### The data
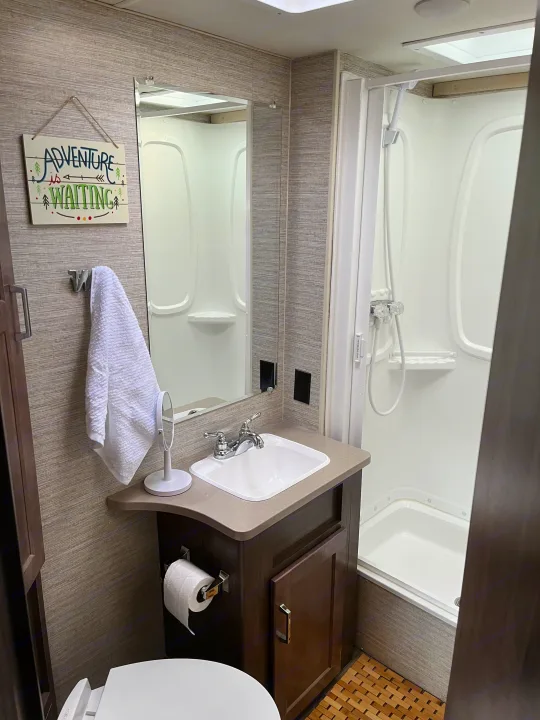 Compact RV rental bathroom featuring a sink, toilet, and shower with a decorative "Adventure is Waiting" sign.. Winnebago Minnie Winnie 2022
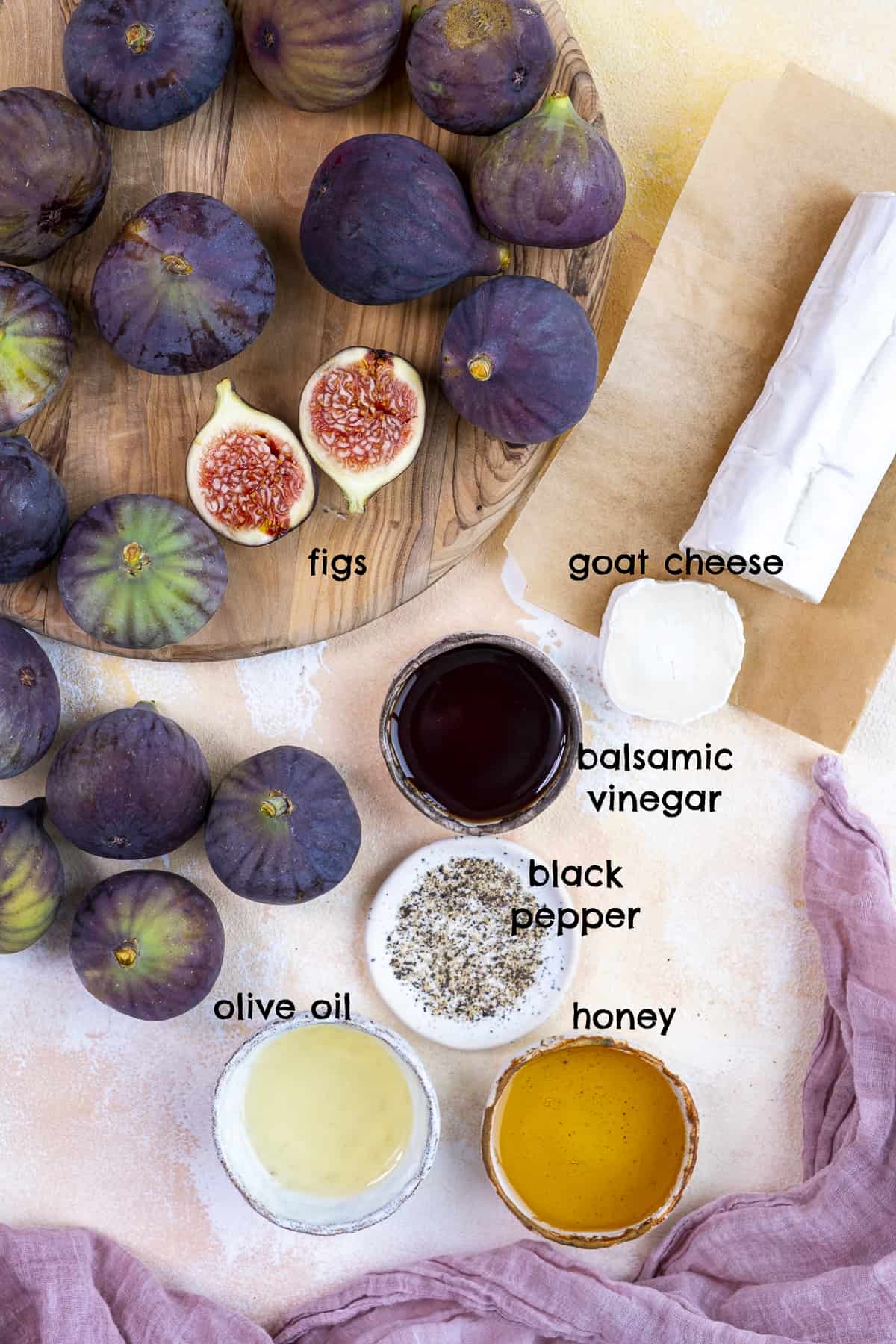 Fresh figs, goat cheese, honey, balsamic vinegar, oil and black pepper on a light background.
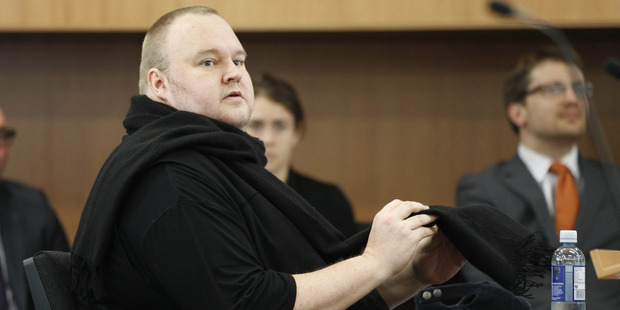 Kim Dotcom appearing in Auckland District Court for the decision on his extradition. Photo / Nick Reed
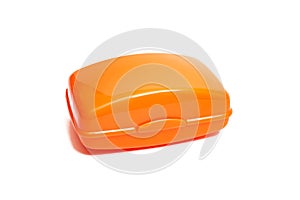 Closed orange soap dish isolated on white background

### What you should do
An exact, word-for-word version of the material is required, free of pictures.

### Answer for this exercise
 Compact RV rental bathroom featuring a sink, toilet, and shower with a decorative "Adventure is Waiting" sign.. Winnebago Minnie Winnie 2022
 Fresh figs, goat cheese, honey, balsamic vinegar, oil and black pepper on a light background.
 Kim Dotcom appearing in Auckland District Court for the decision on his extradition. Photo / Nick Reed
 Closed orange soap dish isolated on white background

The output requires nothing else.